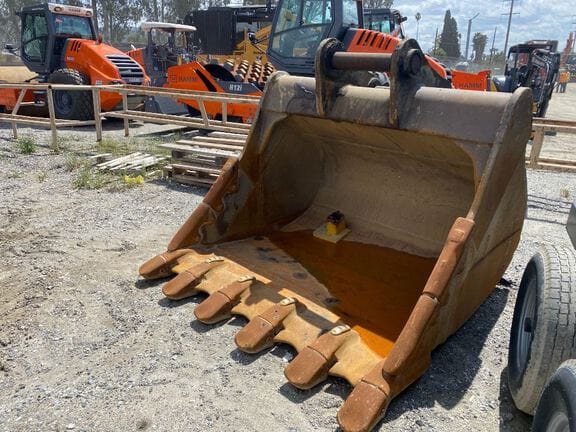 2012 Werk-Brau Excavator Bucket Equipment Image0
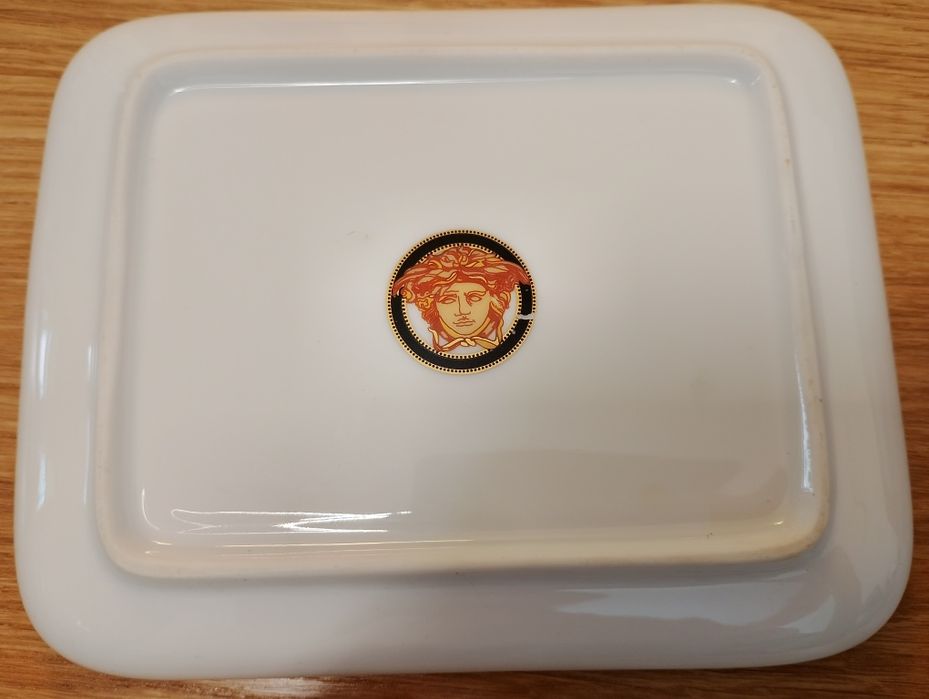 Podstawka maselniczka Versace Medusa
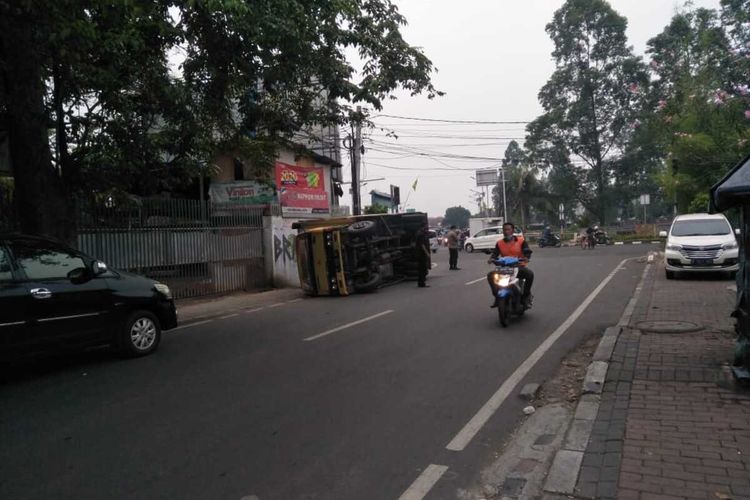 Truk boks bermuatan disinfektan terguling di Jalan Pondok Kopi Raya, Duren Sawit, Jakarta Timur, Senin (15/6/2020).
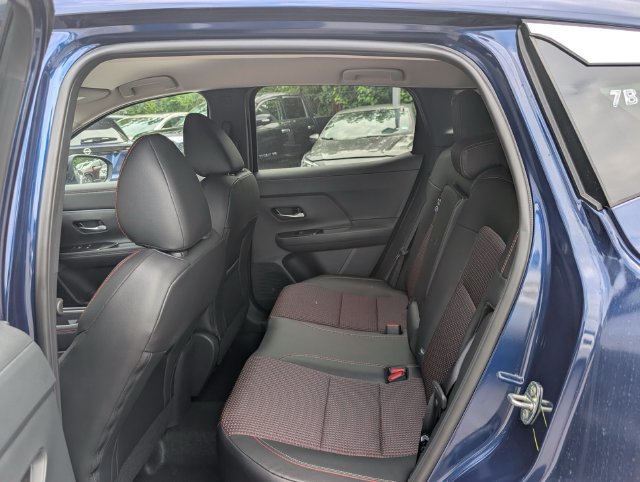 New 2026 Nissan Kicks SR w/ Cold Weather Package AWD/4WD image 12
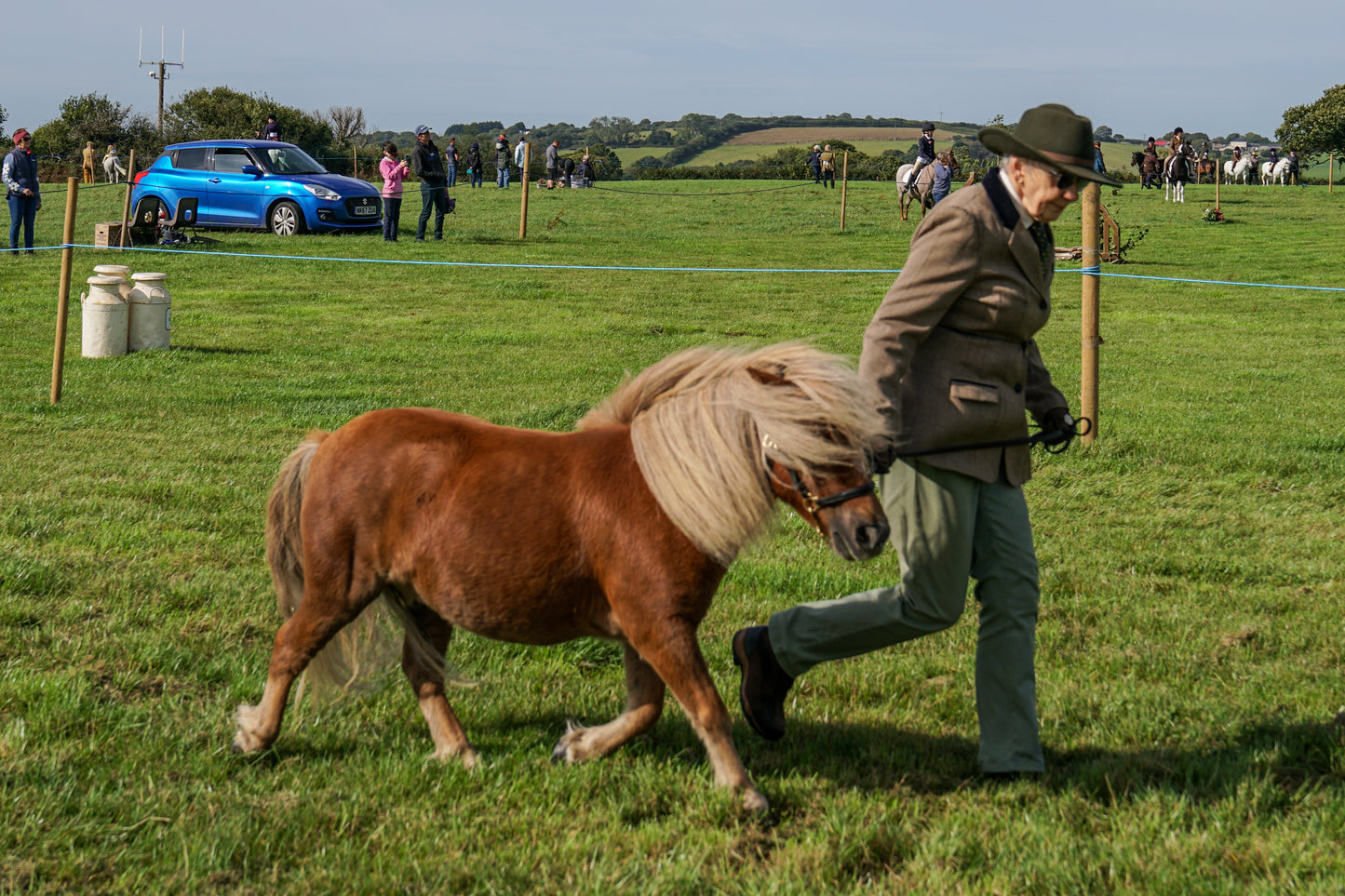 lanlivery show in hand part 1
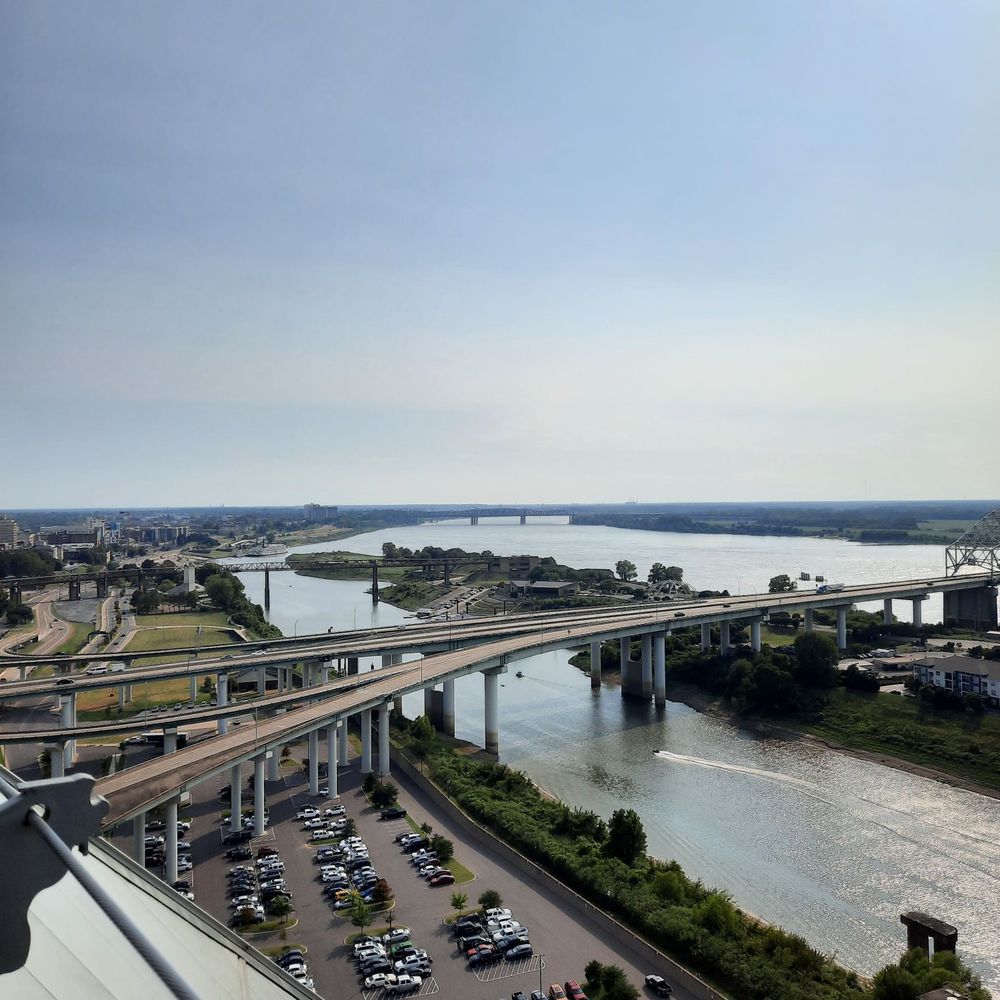 Memphis Pyramid Dining - a view of the mississippi river from the top of a building - New American Near Me - Memphis, Tennessee Memphis Pyramid Dining - a view of the mississippi river from the top of a building - New American Near Me - Memphis, Tennessee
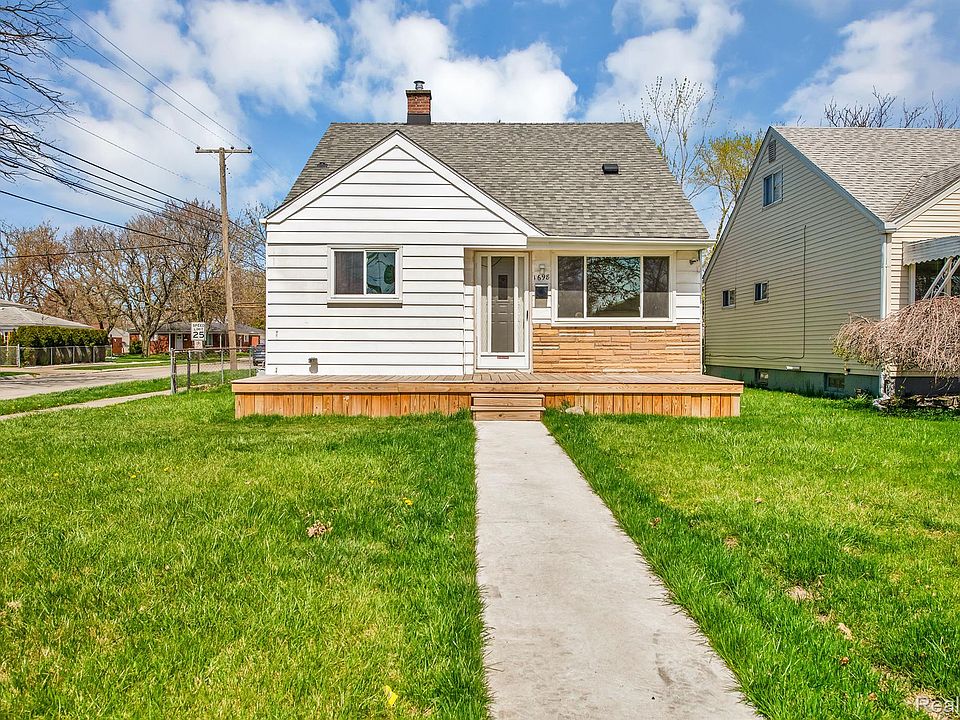 1st image of 1698 London Ave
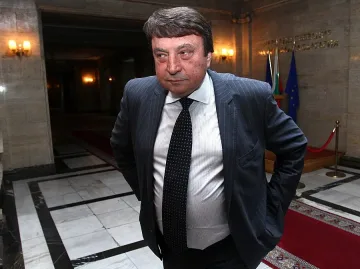 Хората от улицата ще контролират и СРС-тата
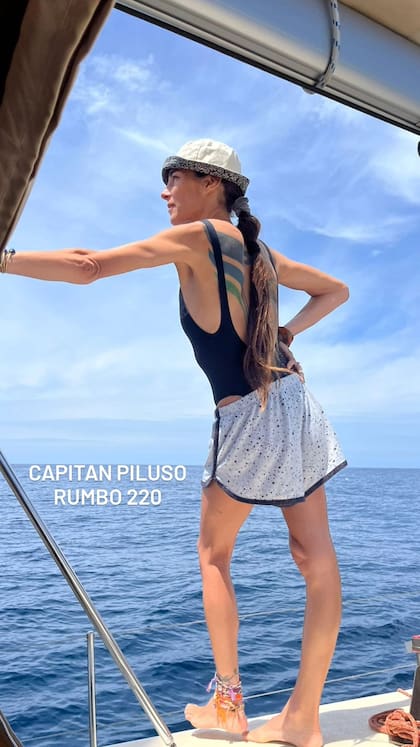 Juana Viale partió junto a Yago Lange, su novio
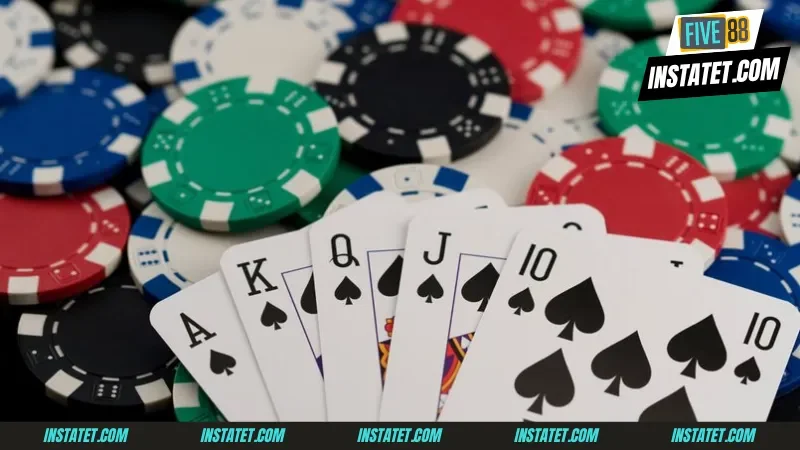 Bluff và pot odds là thuật ngữ Poker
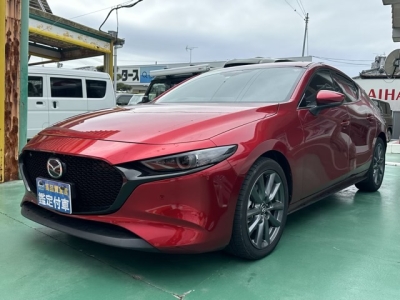 MAZDA3 ファストバック(マツダ)ディーラー試乗車 前方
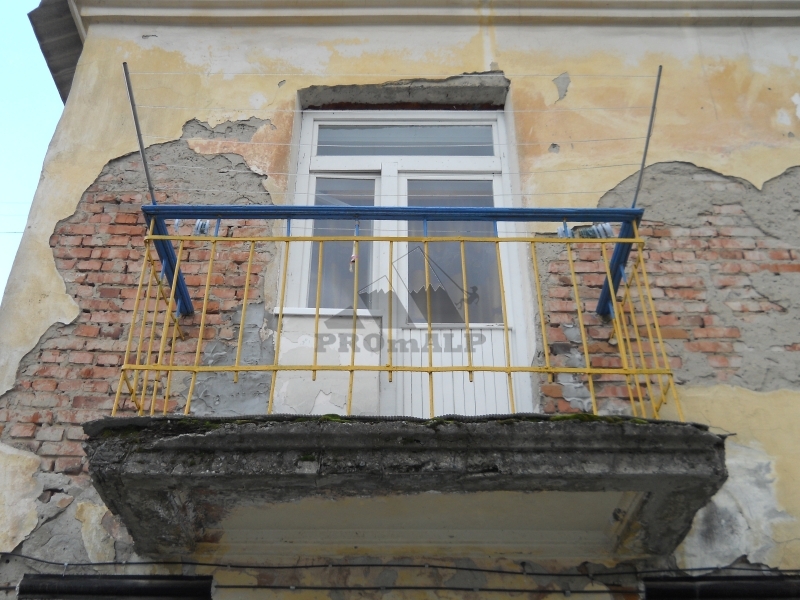 Относится ли ограждение балкона к общедомовому имуществу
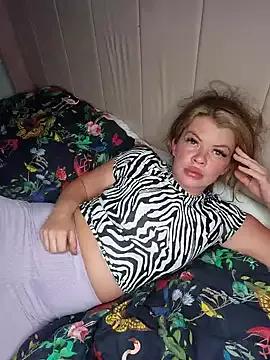Freechat Just_peaches_not_cream on StripChat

····················

- WHAT YOU SHOULD DO:
Output all the records above exactly, but without their images.

- OUTPUT BELOW:
 2012 Werk-Brau Excavator Bucket Equipment Image0
 Podstawka maselniczka Versace Medusa
 Truk boks bermuatan disinfektan terguling di Jalan Pondok Kopi Raya, Duren Sawit, Jakarta Timur, Senin (15/6/2020).
 New 2026 Nissan Kicks SR w/ Cold Weather Package AWD/4WD image 12
 lanlivery show in hand part 1
 Memphis Pyramid Dining - a view of the mississippi river from the top of a building - New American Near Me - Memphis, Tennessee Memphis Pyramid Dining - a view of the mississippi river from the top of a building - New American Near Me - Memphis, Tennessee
 1st image of 1698 London Ave
 Хората от улицата ще контролират и СРС-тата
 Juana Viale partió junto a Yago Lange, su novio
 Bluff và pot odds là thuật ngữ Poker
 MAZDA3 ファストバック(マツダ)ディーラー試乗車 前方
 Относится ли ограждение балкона к общедомовому имуществу
Freechat Just_peaches_not_cream on StripChat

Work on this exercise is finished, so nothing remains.